After the band Squeeze announced plans to dissolve and played an official farewell concert at the Jamaica World Music Festival, there was still a significant amount of interest in the group’s chief songwriting team, Chris Difford and Glenn Tilbrook. The duo stayed with Squeeze’s label, A&M Records, but pushed back on efforts to get them to record under the established band name. Every other member of Squeeze had moved on, so Difford and Tilbrook decided (at that time, anyway) that releasing new music under the old moniker would be unseemly. Instead, they connected with producer Tony Visconti, known for his work on David Bowie’s most revered albums, and got to work on their new material. The result was the self-titled debut for Difford & Tilbrook.

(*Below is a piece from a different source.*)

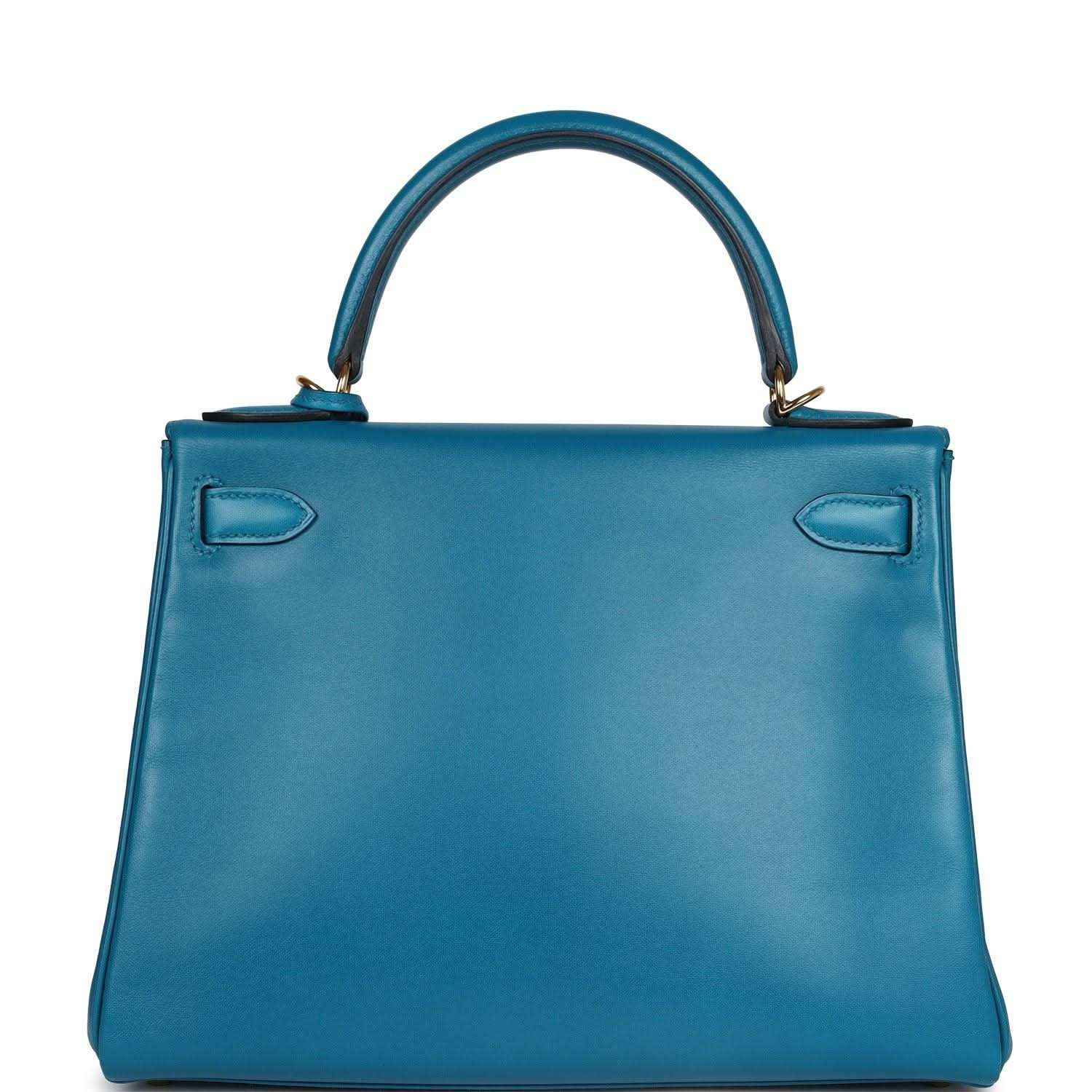 Hermes Kelly Retourne 28 bag in blue leather with back panel and two pull-tab tabs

The ongoing partnership of Difford and Tillbrook has a touch of fiction to it. As Difford later recounted in his memoir, the two were barely on speaking terms at the time and were rarely on premises at the same time during the recording process. That might help explain why the album is so lackluster. The spunky inventiveness that characterized the best of Squeeze is almost entirely absent. In its place is dismally rote mid-nineteen-eighties version of pop music, as if reverse engineered from a month of MTV scrutiny. The unctuous lounge pop number “On My Mind Tonight,” the cloying “Hope Fell Down,” and wispy single “Love’s Crashing Waves” are probably the worst offenders, but nothing on Difford & Tillbrook goes beyond merely passable. Sadly, the more ambition shown, the worse the result. “Action Speaks Faster” is an awkward melding of typical Squeeze fare into the post-disco dance agitation of Pet Shop Boys, and “Apple Tree” is like one of XTC’s approximations of John Lennon as a new wave act, without the enlivening undercurrent of lurking menace.

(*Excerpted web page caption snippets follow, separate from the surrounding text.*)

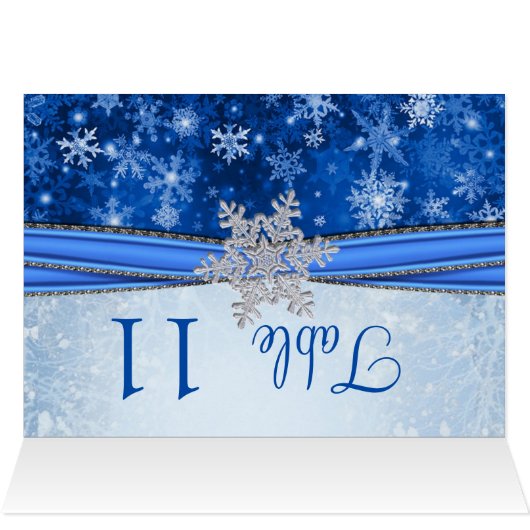 青い表の上の銀のスノーフレーク (内部横(上))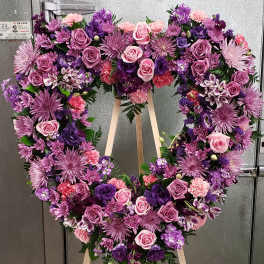 Heart-shaped floral wreath on a standing easel with pink and purple flowers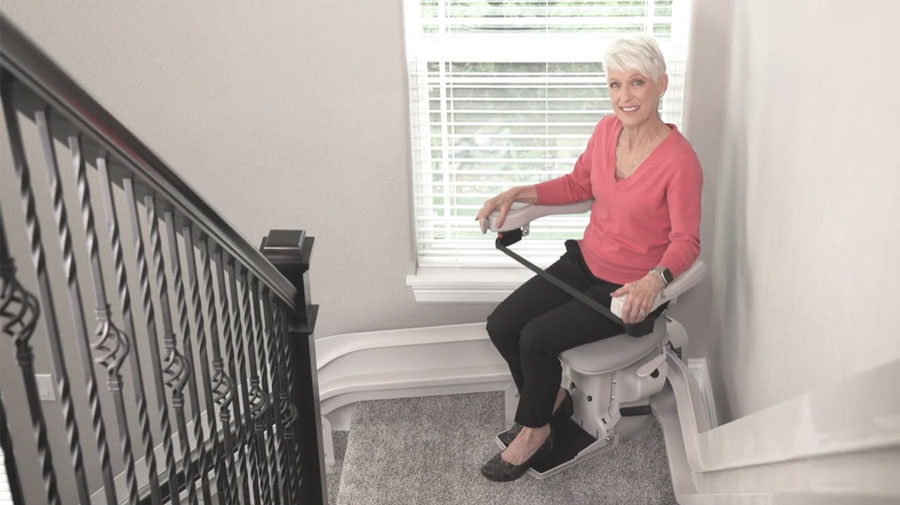 Woman riding a Bruno Elite curved indoor stair lift on a landing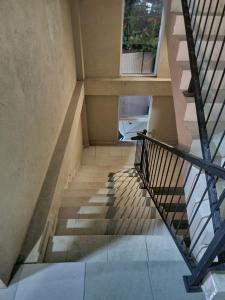 a staircase in a building with a stair case at Urban Oasis Residence in Nugegoda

Both Difford and Tilbrook clearly knew the new approach wasn’t working. Luckily, an onramp back to the Squeeze highway soon appeared. Their old bandmate, Jools Holland, orchestrated a Squeeze reunion for a benefit show. Intended as a one-off, the collective decided some old magic was back in place, and they started edging towards a full-scale reunion. The initial dissolution of Squeeze lasted only three years.

Twistingbythepool

627. Dire Straits, Twisting by the Pool (1983)

Mark Knopfler and his band, Dire Straits, delivered four straight hit albums at the start of their career, each placing songs into semi-permanent rotation on rock radio stations. Even so, they were dogged by somewhat dismissive appraisals of their music style, typified by a veneer of overt polish that gave everything an emotional chill. Dire Straits was seen by some as rock ‘n’ roll band without the reckless spirit that animated the true titans of the form, going all the way back to the hip-swiveling danger of Elvis Presley.  Knopfler wanted to prove that he wasn’t some staid square. He could rock, too.

Knopfler later described the material the made up the EP Twisting by the Pool (which was officially titled ExtendedancEPlay, but almost universally referred to by its opening cut) as his concerted attempt to to write songs that were loose and playful, suitable to be recorded in one freewheeling day. “Twisting by the Pool” is at once a perfect realization of a featherweight pop-rock song and a clear measure of Knopfler’s limitations in crafting such fare. The track is bright and fun, and yet it also comes across as a regimented exercise. It’s difficult to discern where it resides on the sincerity meter, between spoof and honest conviction. 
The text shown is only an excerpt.